De plus, puisque le nombre de figures véhiculées ou exprimées est potentiellement infini, chacune d’elles pouvant être mue ou animée par d’autres figures, un élément central de mes analyses a consisté à m’arrêter sur celles qui semblaient jouer concrètement et progressivement sur le déroulement et l’issue du procès (Cooren, 2013; voir aussi Fisher, 1978; Taylor et Van Every, 2000; Wallace, 1963). Autrement dit, j’ai prêté attention aux éléments du contexte tels que mis en scène dans le raisonnement des juges, c’est-à-dire à « tout ce qui est agissant » (Cooren, 2013, p. 17), aux figures véhiculées ou exprimées, explicitement ou non, par les juges dans leur jugement.

Par ailleurs, en vue d’apporter des éléments de réponse à ma question de recherche, l’approche ventriloque m’a permis d’identifier les nombreuses figures (en particulier, comme nous le verrons, les idées reçues et les précédents) qui ont ajouté du poids aux déclarations de culpabilité pour parjure, mais aussi de mettre en lumière les réseaux d’êtres (Martine, 2019) par

lesquels elles ont acquis concrètement et progressivement, à travers des personnes et des agents autres qu’humains, une certaine substance et des propriétés.

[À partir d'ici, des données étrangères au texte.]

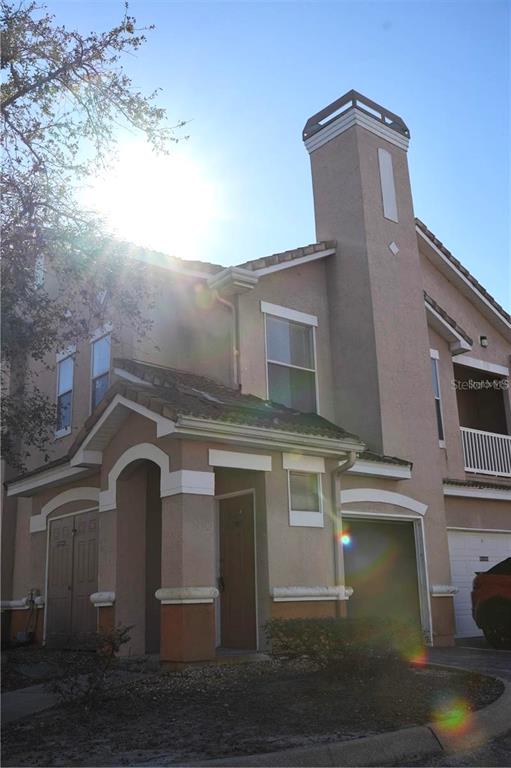 A two-story tan stucco townhouse features a chimney, a covered entryway, and an attached garage — 10446 VILLA VIEW CIRCLE, TAMPA, FL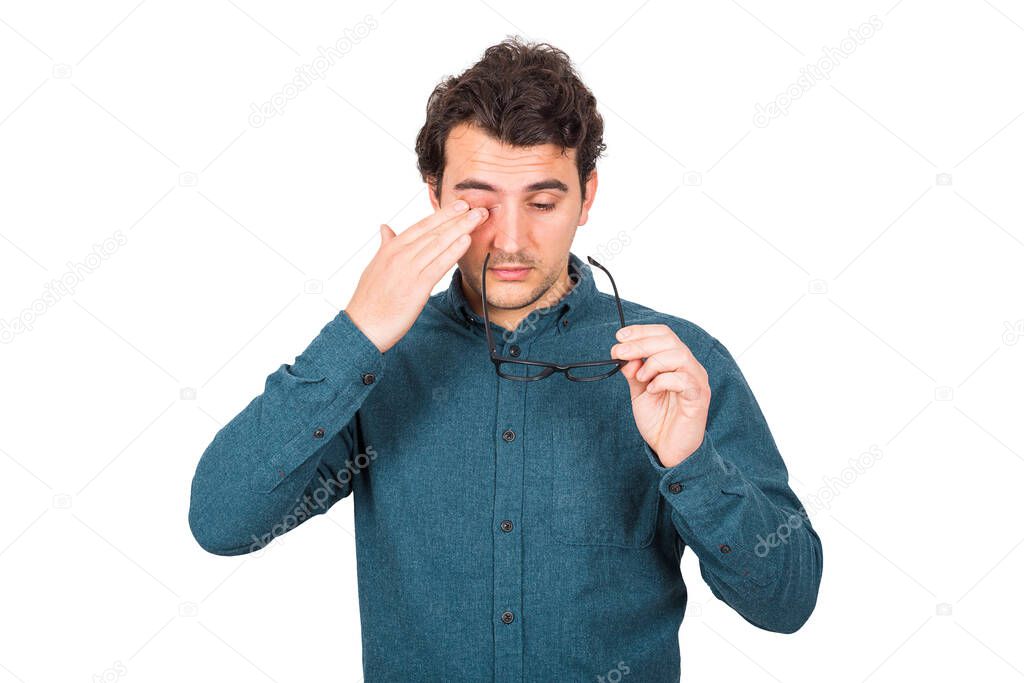 Fatigued businessman rubbing his eyes can't focus on daily work due poor eyesight, isolated on white background. Farsightedness, myopia health problem, suffering eye strain, sore and tiredness.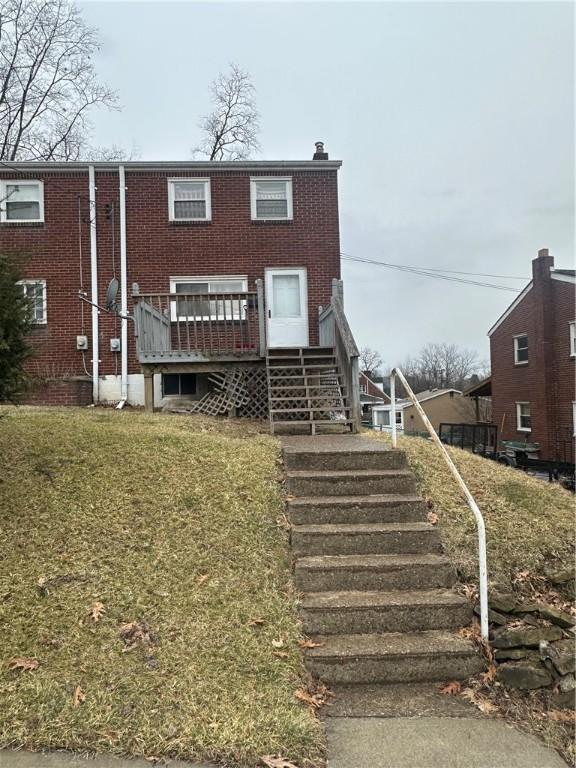 view of front of home featuring brick siding, a chimney, a wooden deck, a front lawn, and stairs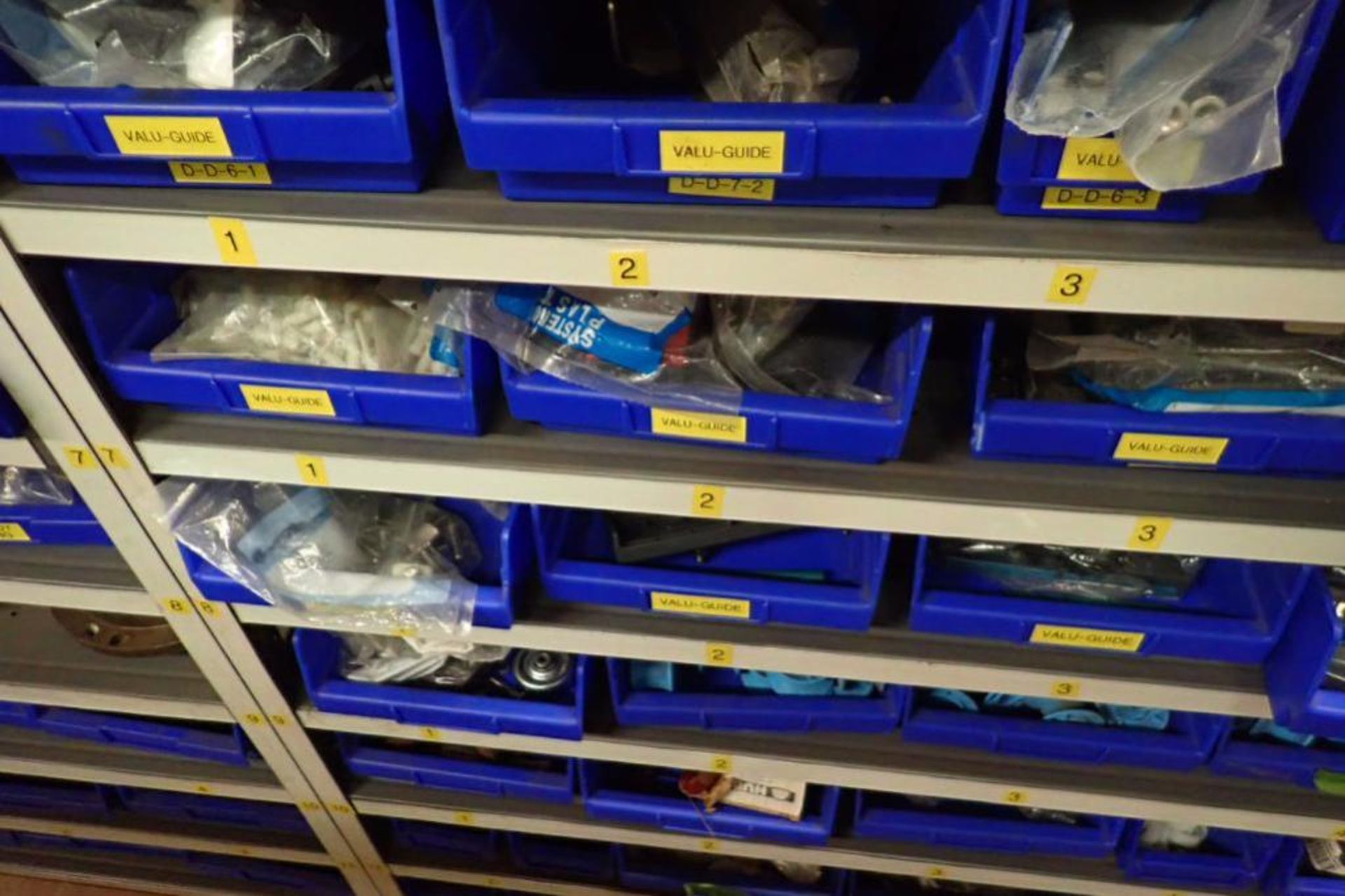 Contents only of 3 sections of shelving, conveyor parts, roller, clamps, springs, rod ends, hydrauli - Image 10 of 22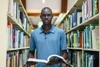 Man in blue polo shirt stands in a library aisle holding an open book looking towards the camera 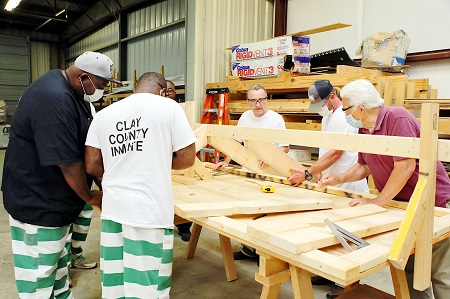 EMCC’s Workforce and Community Services division offers many programs to help residents in the college’s district, including these inmates at the Clay County Detention Center, who completed a Construction Skills class. The inmates are trustees with nonviolent offenses. Here, program instructor Johnny Duren, at right, looks on as the inmates frame a roof during class. 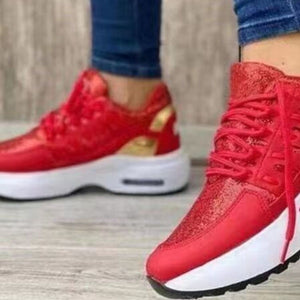 Red lace-up chunky platform sneakers with glitter accents and gold detailing.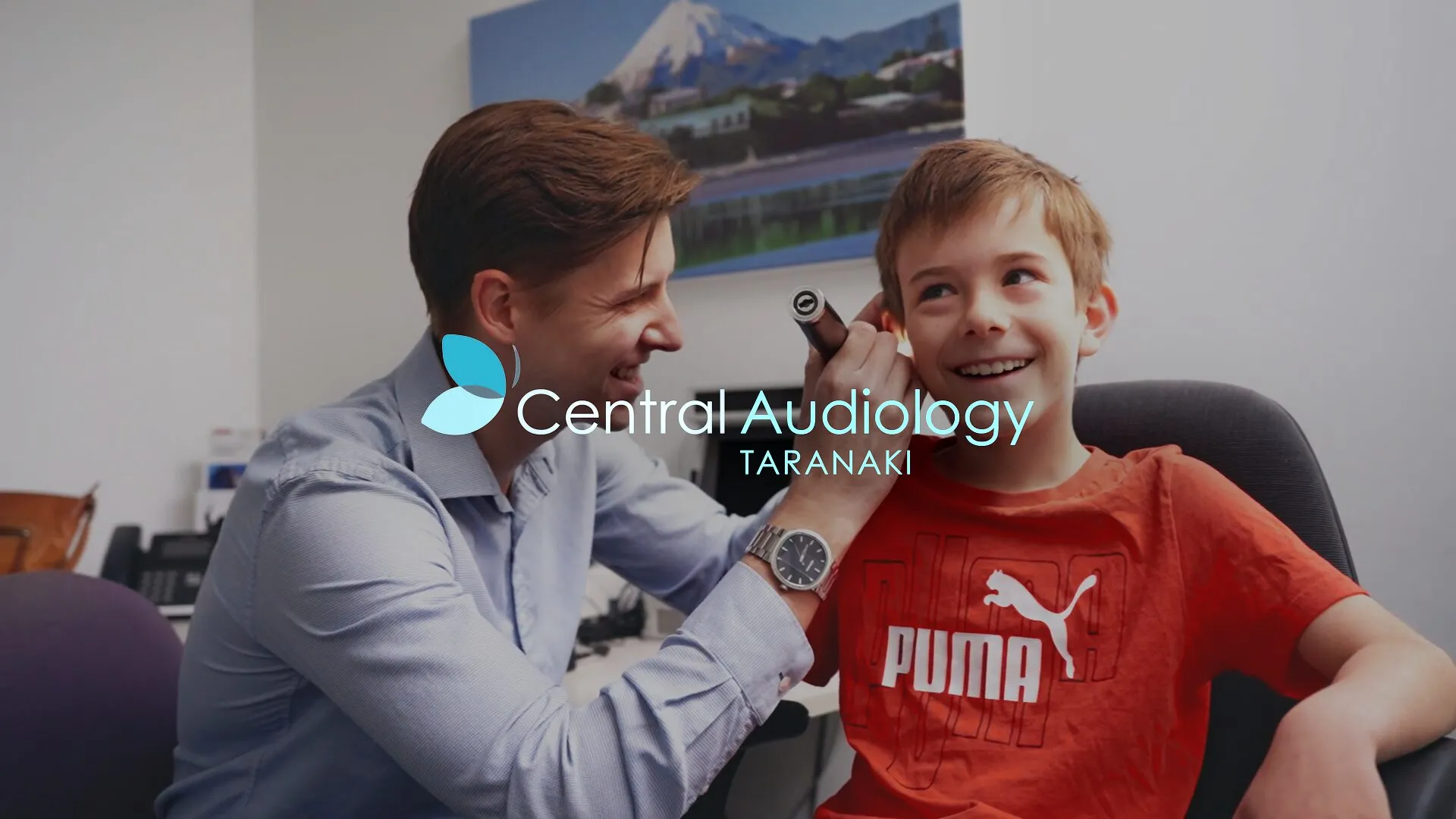 Hilton performing an ear check on a smiling child at Central Audiology in New Plymouth.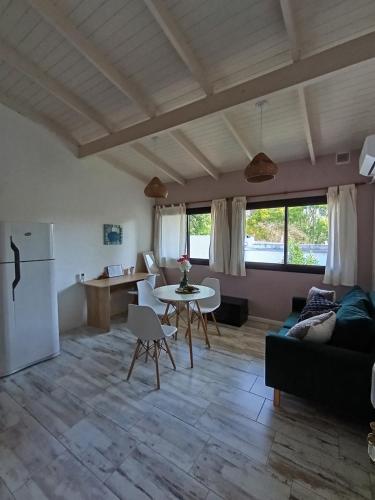 a living room with a couch and a table at 1991 Hospedaje D4 in Ensenada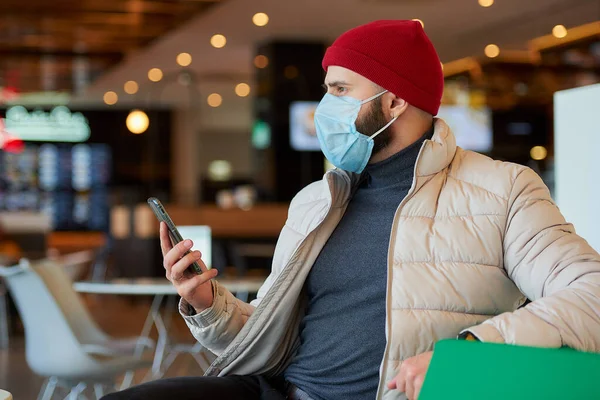 Koronavirüsten (COVID-19) korunmak için tıbbi yüz maskesi takan sakallı beyaz bir adam. Yüzünde cerrahi maske olan bir adam alışveriş merkezinde akıllı bir telefonla iş yapıyor.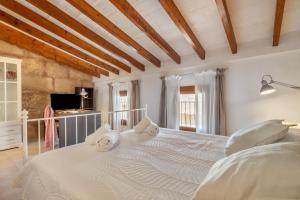 a bedroom with a large white bed with towels on it at Ca na Francesca in Pollença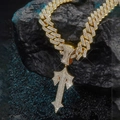 Detailed close-up of iced out Cuban link necklace with a crystal T letter pendant - 45cm-18inch+Pendant / Gold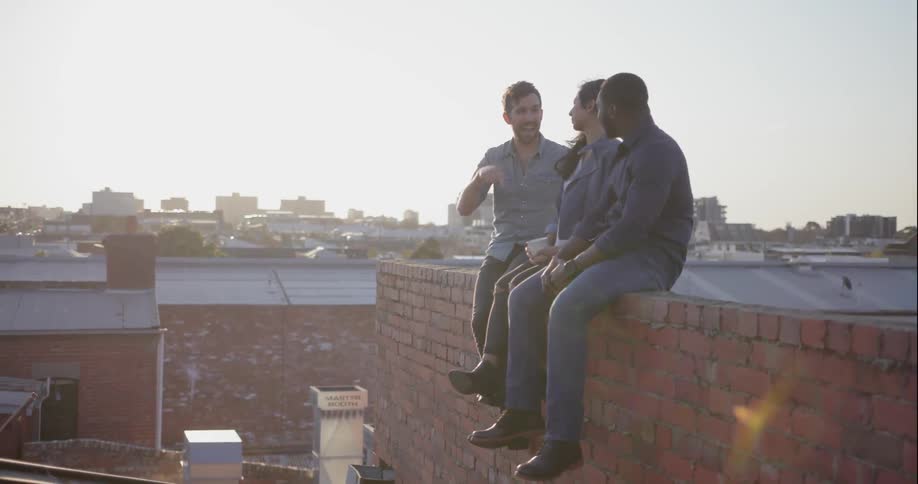 Two men and a woman sit on a brick ledge on a rooftop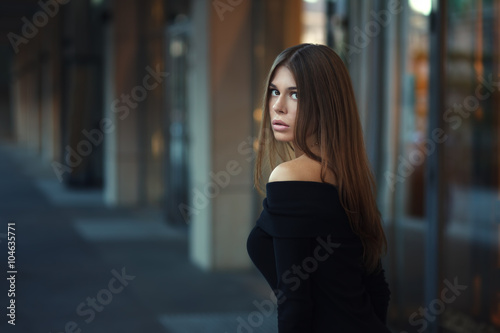 Beautiful brunette young woman in nice black dress. Posing on urban background. Fashion Photo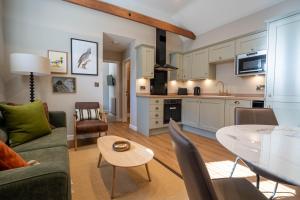 une cuisine et un salon avec un canapé et une table dans l'établissement Dunes Cottage, à Lowestoft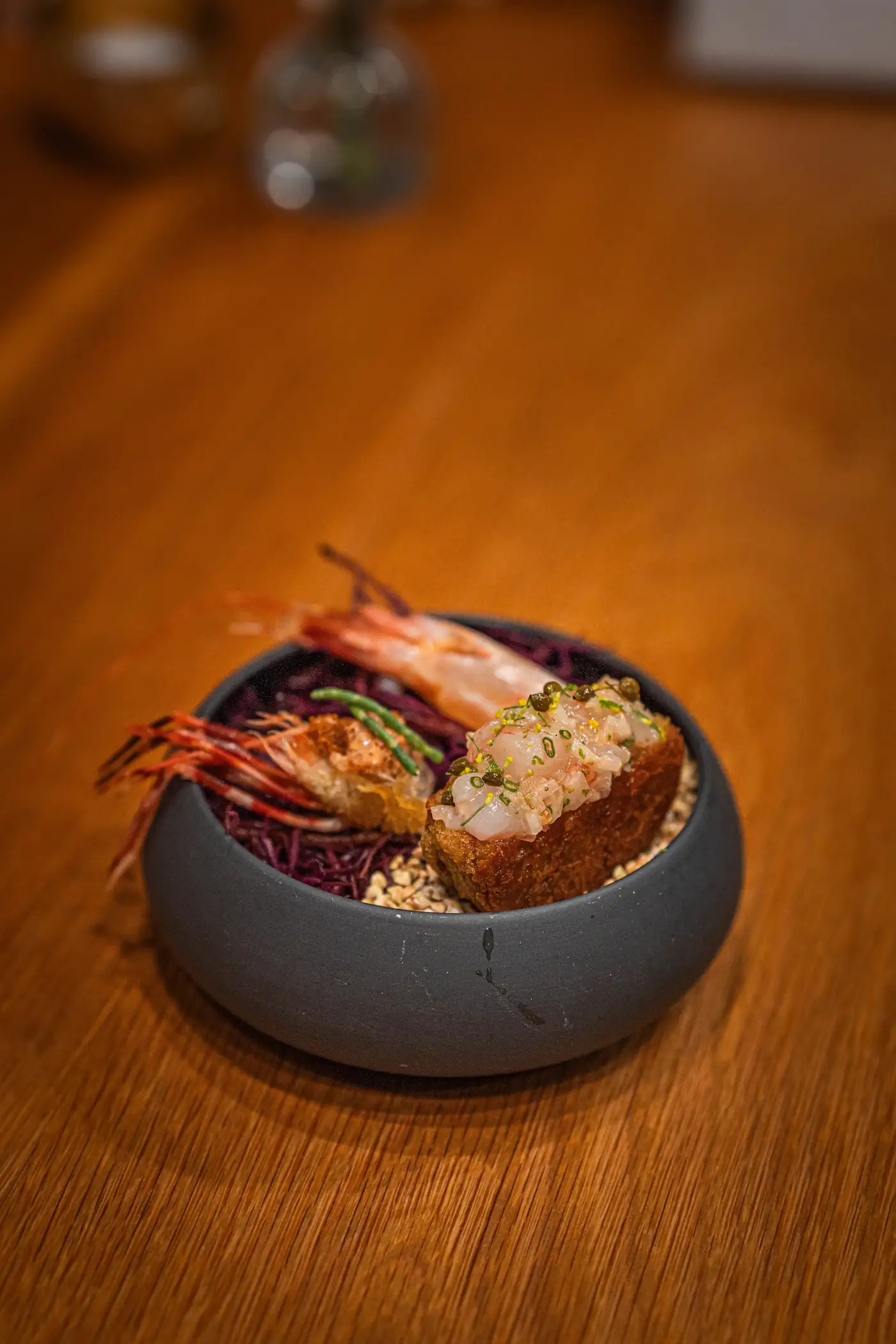Shrimp and fish in a grey bowl on an orange table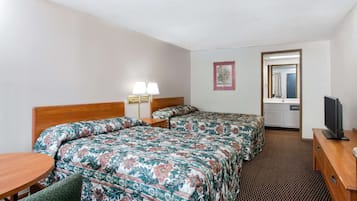 A hotel room with two beds, a desk, a chair, a TV, and a bathroom visible through an open door.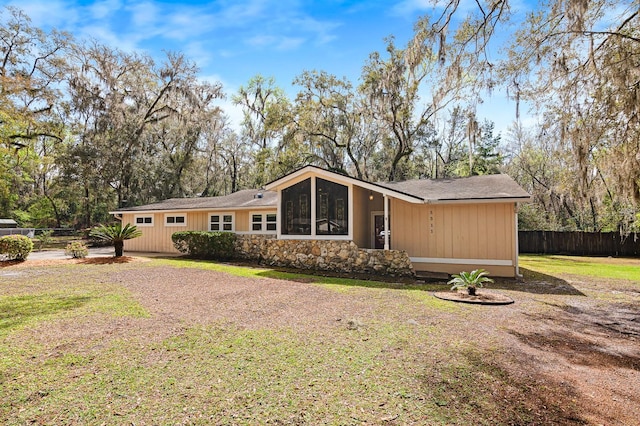 view of front facade featuring stone siding, a front yard, and fence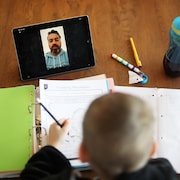 Un garçon photographié de haut devant ses cahiers d'école. Une tablette est posé devant lui et on y voit son professeur donnant le cours.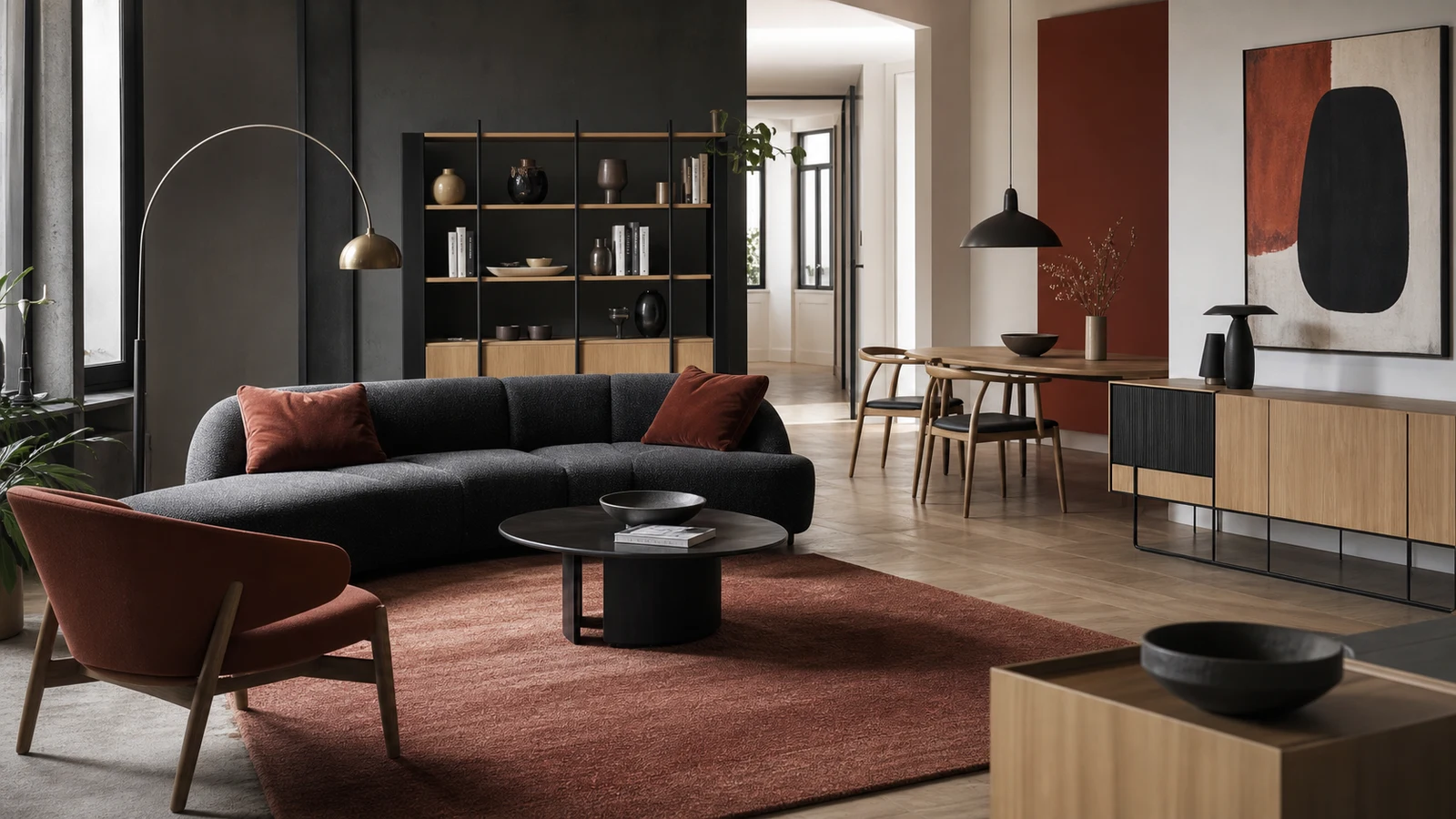 Contemporary apartment interior with coordinated sofa, chair, lighting, table, and storage furniture.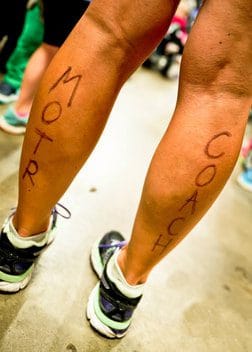 Legs with marker that says MOTR Coach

Finalement, il m’apparait important de souligner que, bien qu’il s’en éloigne, mon cadre méthodologique n’est pas incompatible avec l’approche expérimentale généralement utilisée pour étudier la détection du mensonge. Au contraire, mon cadre méthodologique la complète. En effet, comme nous le verrons dans le prochain chapitre, l’approche ventriloque de la communication (Cooren, 2013) permet de décrire, analyser et expliquer de façon minutieuse et approfondie le raisonnement des juges afin de bonifier la validité écologique des expérimentations en laboratoire et de s’attaquer plus adéquatement à la problématique des mensonges lors de procès.

CHAPITRE 5

Analyses des données : Comment les juges détectent-ils les mensonges?

Comme je l’ai précisé plus tôt, pour qu’un accusé soit déclaré coupable de parjure, la preuve doit démontrer, hors de tout doute raisonnable, qu’une déclaration de l’accusé était fausse, la première composante du parjure. De plus, la preuve doit démontrer, hors de tout doute

raisonnable, que l’accusé savait que sa déclaration était fausse, la deuxième composante du parjure, et que l’accusé avait l’intention de tromper le tribunal, la troisième composante du parjure. S’il est déclaré coupable, l’article 132 du Code criminel du Canada (1985) établit que l’accusé est passible d’un emprisonnement maximal de 14 ans, une lourde peine sans doute parce que les mensonges lors de procès portent atteinte à la recherche de la vérité, un des principaux piliers du système de justice (Frankel, 1975; Strier, 1994).

Puisque ma thèse porte sur le raisonnement ou, du moins, une partie du raisonnement par lequel des juges, en contexte naturel, en sont venus à déterminer, selon leur point de vue, que des témoins ont menti alors qu’ils témoignaient, j’ai décrit, analysé et expliqué de façon minutieuse et approfondie quatre jugements canadiens portant sur une accusation criminelle de parjure résultant d’une déclaration incriminante où les accusés ont été déclarés coupables, lesquels proviennent de quatre tribunaux différents, soit de la Cour de justice de l’Ontario, de la Cour territoriale du Yukon, de la Cour supérieure de justice de l’Ontario et de la Cour du Québec, sur une période de 16 ans, soit en 2014, 2003, 2002 et 1998.

Ainsi, dans ce cinquième chapitre de ma thèse, je présente une analyse ventriloque des jugements R. v. Barrie (2014), R. v. Eriksen (2002), R. v. Buzeta (2003) et R. c. Morency (1998). Les procès pour parjure résultent d’une déclaration de chacun des quatre accusés, le premier à son enquête sur remise en liberté après avoir été arrêté pour bris de condition et conduite avec un

permis de conduire suspendu dans le jugement R. v. Barrie (2014); le deuxième, à l’enquête préliminaire d’un de ses frères après le vol d’une importante quantité de vélos dans le jugement R. v. Eriksen (2002); le troisième, au procès d’une passagère accusée d’importation de drogue dans le jugement R. v. Buzeta (2003); et le quatrième, à l’enquête sur remise en liberté de son fils après une seconde arrestation pour des infractions en matière de stupéfiants dans le jugement R. c. Morency (1998).